Terceiro, o Yunnus se utilizou de psicologia básica pra estruturar o sistema de pagamento. Ao invés de emprestar o dinheiro e cobrar o pagamento com juros depois de um ano, ele faz cobranças semanais, de quantias muito pequenas (que são viáveis para os devedores). Isso tira aquela idéia assustadora de que em um determinado mês eles precisam pagar uma bolada, e acaba criando um hábito saúdavel de poupança.

E onde entram as mulheres? As mulheres são as estrelas do show aqui. O Yunnus desenvolveu o programa para mulheres, pois elas eram proibidas de usar bancos comerciais em Bangadlesh. E muitos interpretam os altos indices de quitação das dívidas ao fato de que são mulheres, e não ao fato de que são grupos. Mas ainda que não seja esse o caso, o fato de que o programa foca em mulheres e os índices são tão altos mostra que essas mulheres pobres podem ser empresárias de sucesso, se for dada a elas uma chance (e bons conselhos...).

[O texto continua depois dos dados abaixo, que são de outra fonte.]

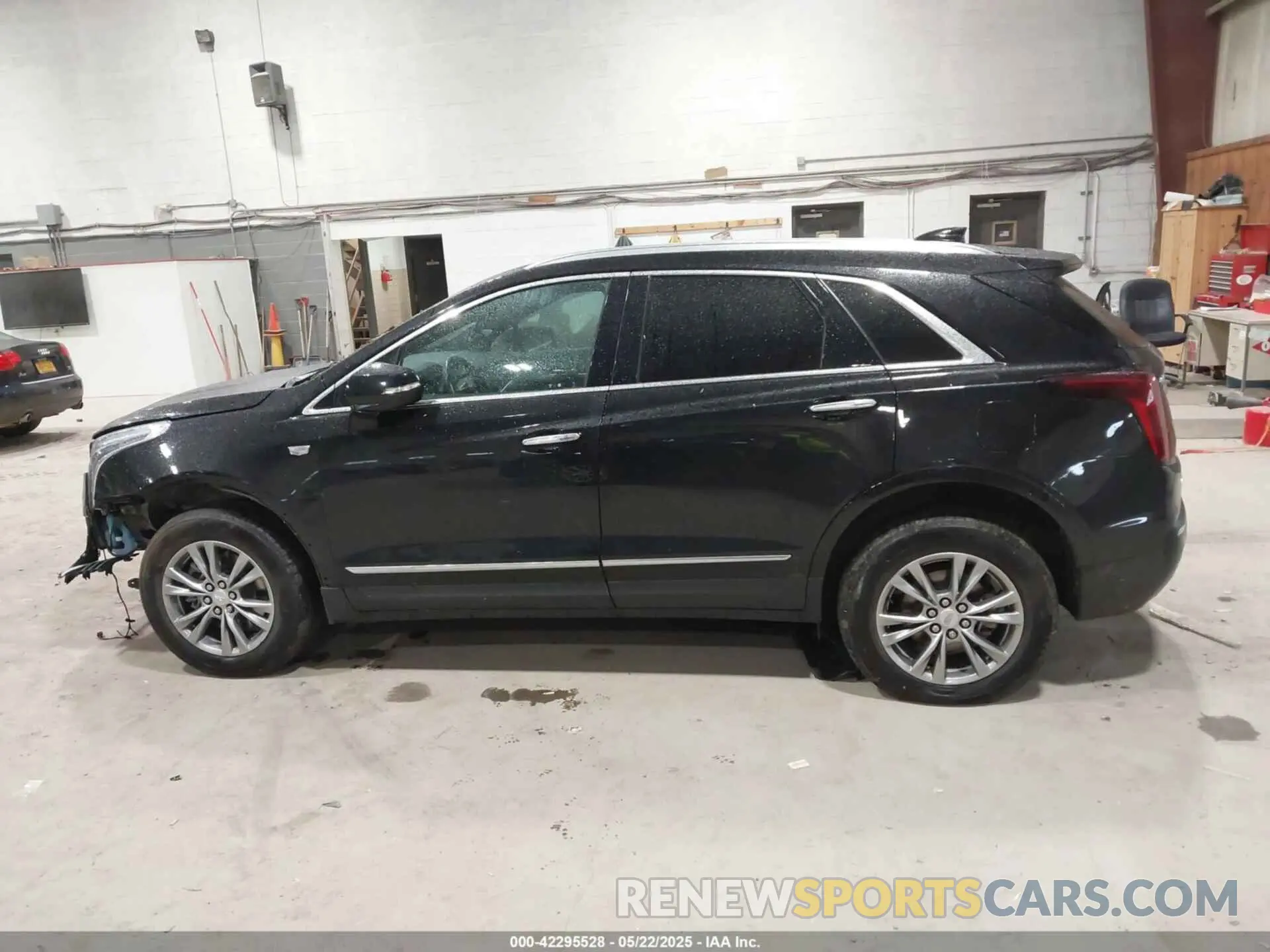 14 Photograph of a damaged car 1GYKNDRS8NZ163725 CADILLAC XT5 2022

Na quinta-feira de manhã, a reputação das mulheres dos países desenvolvidos estava de mal a pior. As mulheres supostamente liberadas e "modernas" do Canadá tinham deixado muito a desejar na terça com o desastre rosa, enquanto as mulheres pobres e "atrasadas" de Bangladesh tinham dado um banho nas Canadenses na quarta. Daí na hora do almoço de quinta-feira recebi o anúncio de um projeto muito legal (que recuperou um pouco a reputação das canadenses):

http://www.girlsandwomen.com

Uma fundação canadense está tentando inserir questões relativas a mulheres jovens na reunião dos G-20, que vai acontecer aqui em Toronto dentro de alguns meses. Segundo a página deles, as mulheres representam metade da população mundial, trabalham dois terços do total das horas trabalhadas no mundo (provavelmente contando com trabalho doméstico), e recebem um décimo da renda e possuem apenas um centésimo de toda a propriedade que existe. Ou seja, há um problema de desigualdade na distribuição de recursos.

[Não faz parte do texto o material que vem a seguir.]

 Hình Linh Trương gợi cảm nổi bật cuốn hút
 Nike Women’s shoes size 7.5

O projeto foi criado por uma fundação de uma magnata canadense (aposto que ela não ficou rica porque parou de tomar café!) que acredita que investir em jovens mulheres é a melhor forma de promover desenvolvimento. Alguns dados do site:

"Cada dolar que uma mulher ganha, ela investe 80 centavos na família (em contraste com 30 centavos investidos pelos homens)"

Isso pode explicar o dado do P.I.N.K. de que mulheres investem menos que homens: elas ganham menos e gastam mais com a casa e as crianças. Portanto, o problema não é o café que elas compram no caminho pro trabalho....

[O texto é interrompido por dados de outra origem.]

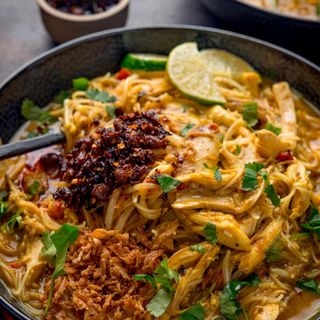 Spicy chicken  laksa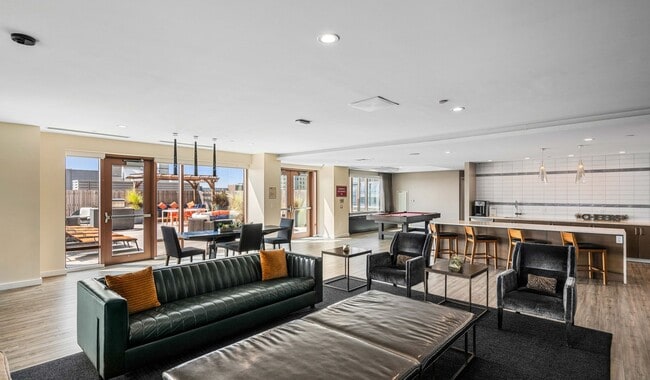 Complete with everything you need to entertain including spectacular city views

Um artigo publicado recentemente na Foreign Affairs afirma que investir em mulheres não é apenas ético (por causa das desigualdades), mas é também lucrativo. Quando as mulheres recebem educação e oportunidades econômicas elas não apenas geram renda (o que o Yunnus já tinha mostrado), mas também promovem desenvolvimento econômico. Portanto, investir em mulheres é uma das melhores formas de gastar seu dinheiro e de promover desenvolvimento.

Conclusão: vou investir em mulheres, a começar por mim mesma. E como minha cabeça funciona melhor com café, meu copinho de café continua a ser meu melhor investimento diário em mim mesma.
Além de continuar a tomar café, acho que vou a um seminário para investidores homens da próxima vez. Aposto que ninguém fica falando que eles vão ficar mais ricos se eles pararem de tomar café, ou uísque, ou fumar charutos. E aposto que vão me dar uma caneta que eu posso de fato usar em público...

Um comentário:

Theresa Miedema disse...

Very interesting post and observations. So it is my coffee addiction that keeps me poor. Personally, I am more inclined to blame the cats' addiction to cat nip.

I also liked the reference to Yogi Berra ("it's deja vu all over again"). Of course, good old Yogi also once commented, "I never said most the things I said". I agree with this Yogi comment: "You can observe a lot just by watching." Yogi was a great character in baseball. My own problem with him is that he played for the Yankees. In any case, I appreciate the incorporation of baseball references into your blog, even if they are minor references and even if they do come from former Yankees.